From: Simon Riggs <simon(at)2ndQuadrant(dot)com>
To: Robert Haas <robertmhaas(at)gmail(dot)com>
Cc: Fujii Masao <masao(dot)fujii(at)gmail(dot)com>, Tom Lane <tgl(at)sss(dot)pgh(dot)pa(dot)us>, Greg Stark <gsstark(at)mit(dot)edu>, pgsql-hackers <pgsql-hackers(at)postgresql(dot)org>
Subject: Re: time-delayed standbys
Date: 2011-06-29 17:50:22
Message-ID: BANLkTi=ufQk9i2Ria1U-c0VDUMUNxKjPgg@mail.gmail.com
Views: Raw Message | Whole Thread | Download mbox | Resend email
Thread:
Lists: pgsql-hackers

On Wed, Jun 29, 2011 at 1:24 PM, Robert Haas <robertmhaas(at)gmail(dot)com> wrote:
> On Wed, Jun 29, 2011 at 4:00 AM, Simon Riggs <simon(at)2ndquadrant(dot)com> wrote:
>> On Thu, Jun 16, 2011 at 7:29 PM, Robert Haas <robertmhaas(at)gmail(dot)com> wrote:
>>> On Wed, Jun 15, 2011 at 1:58 AM, Fujii Masao <masao(dot)fujii(at)gmail(dot)com> wrote:
>>>> When the replication connection is terminated, the standby tries to read
>>>> WAL files from the archive.
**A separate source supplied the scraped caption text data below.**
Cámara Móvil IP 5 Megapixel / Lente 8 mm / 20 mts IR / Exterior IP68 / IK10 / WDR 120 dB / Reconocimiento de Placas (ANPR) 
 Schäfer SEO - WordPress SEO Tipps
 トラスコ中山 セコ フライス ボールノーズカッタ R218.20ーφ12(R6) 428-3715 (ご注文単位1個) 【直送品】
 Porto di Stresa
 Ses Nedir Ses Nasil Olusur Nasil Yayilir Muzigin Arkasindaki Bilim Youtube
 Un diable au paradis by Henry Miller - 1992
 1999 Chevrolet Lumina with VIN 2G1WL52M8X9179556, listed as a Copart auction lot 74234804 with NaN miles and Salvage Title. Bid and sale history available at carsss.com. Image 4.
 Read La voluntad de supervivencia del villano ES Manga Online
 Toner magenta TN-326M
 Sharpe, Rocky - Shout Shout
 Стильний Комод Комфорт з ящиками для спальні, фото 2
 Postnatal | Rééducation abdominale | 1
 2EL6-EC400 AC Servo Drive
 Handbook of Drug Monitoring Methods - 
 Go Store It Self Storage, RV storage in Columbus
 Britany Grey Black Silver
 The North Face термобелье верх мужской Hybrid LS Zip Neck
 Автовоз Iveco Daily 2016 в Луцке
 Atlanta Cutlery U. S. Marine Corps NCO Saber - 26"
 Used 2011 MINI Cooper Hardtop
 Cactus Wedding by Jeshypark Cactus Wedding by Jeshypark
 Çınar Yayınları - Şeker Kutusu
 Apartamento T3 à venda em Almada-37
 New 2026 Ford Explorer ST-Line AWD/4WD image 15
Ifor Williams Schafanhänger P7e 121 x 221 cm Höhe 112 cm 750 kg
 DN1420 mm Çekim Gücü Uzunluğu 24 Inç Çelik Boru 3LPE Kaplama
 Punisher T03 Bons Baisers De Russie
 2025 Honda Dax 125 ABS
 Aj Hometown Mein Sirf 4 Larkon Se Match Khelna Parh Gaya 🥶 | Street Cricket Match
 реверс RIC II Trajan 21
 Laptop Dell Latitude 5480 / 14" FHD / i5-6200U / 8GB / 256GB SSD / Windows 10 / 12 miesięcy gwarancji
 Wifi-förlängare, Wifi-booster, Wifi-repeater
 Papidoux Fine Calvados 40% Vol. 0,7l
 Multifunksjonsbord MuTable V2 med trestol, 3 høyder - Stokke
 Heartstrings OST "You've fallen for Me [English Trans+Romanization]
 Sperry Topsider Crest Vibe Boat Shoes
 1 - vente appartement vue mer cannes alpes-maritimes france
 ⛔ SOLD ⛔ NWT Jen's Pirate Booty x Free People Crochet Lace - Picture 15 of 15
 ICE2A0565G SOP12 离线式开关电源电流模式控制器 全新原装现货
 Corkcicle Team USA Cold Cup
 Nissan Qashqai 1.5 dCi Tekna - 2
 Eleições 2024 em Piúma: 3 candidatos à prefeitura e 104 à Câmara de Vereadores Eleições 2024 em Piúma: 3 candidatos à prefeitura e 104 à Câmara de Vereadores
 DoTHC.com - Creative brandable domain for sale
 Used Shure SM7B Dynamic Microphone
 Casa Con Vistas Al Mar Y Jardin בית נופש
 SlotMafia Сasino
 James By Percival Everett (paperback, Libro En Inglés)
In this case, there is no walreceiver process,
>>>> so how does the standby calculate the clock difference?
>>>
>>> Good question.  Also, just because we have streaming replication
>>> available doesn't mean that we should force people to use it.  It's
>>> still perfectly legit to set up a standby that only use
>>> archive_command and restore_command, and it would be nice if this
>>> feature could still work in such an environment.  I anticipate that
>>> most people want to use streaming replication, but a time-delayed
>>> standby is a good example of a case where you might decide you don't
>>> need it.  It could be useful to have all the WAL present (but not yet
>>> applied) if you're thinking you might want to promote that standby -
>>> but my guess is that in many cases, the time-delayed standby will be
>>> *in addition* to one or more regular standbys that would be the
>>> primary promotion candidates.  So I can see someone deciding that
>>> they'd rather not have the load of another walsender on the master,
>>> and just let the time-delayed standby read from the archive.
>>>
>>> Even if that were not an issue, I'm still more or less of the opinion
>>> that trying to solve the time synchronization problem is a rathole
>>> anyway.  To really solve this problem well, you're going to need the
>>> standby to send a message containing a timestamp, get a reply back
>>> from the master that contains that timestamp and a master timestamp,
>>> and then compute based on those two timestamps plus the reply
>>> timestamp the maximum and minimum possible lag between the two
>>> machines.  Then you're going to need to guess, based on several cycles
>>> of this activity, what the actual lag is, and adjust it over time (but
>>> not too quckly, unless of course a large manual step has occurred) as
>>> the clocks potentially drift apart from each other.  This is basically
>>> what ntpd does, except that it can be virtually guaranteed that our
>>> implementation will suck by comparison.  Time synchronization is
>>> neither easy nor our core competency, and I think trying to include it
>>> in this feature is going to result in a net loss of reliability.
>>
>>
>> This begs the question of why we need this feature at all, in the way proposed.
>>
>> Streaming replication is designed for immediate transfer of WAL. File
>> based is more about storing them for some later use.
>>
>> It seems strange to pollute the *immediate* transfer route with a
>> delay, when that is easily possible with a small patch to pg_standby
>> that can wait until the filetime delay is > X before returning.
>>
>> The main practical problem with this is that most people's WAL
>> partitions aren't big enough to store the delayed WAL files, which is
>> why we provide the file archiving route anyway. So in practical terms
>> this will be unusable, or at least dangerous to use.
>>
>> +1 for the feature concept, but -1 for adding this to streaming replication.
>
> As implemented, the feature will work with either streaming
> replication or with file-based replication.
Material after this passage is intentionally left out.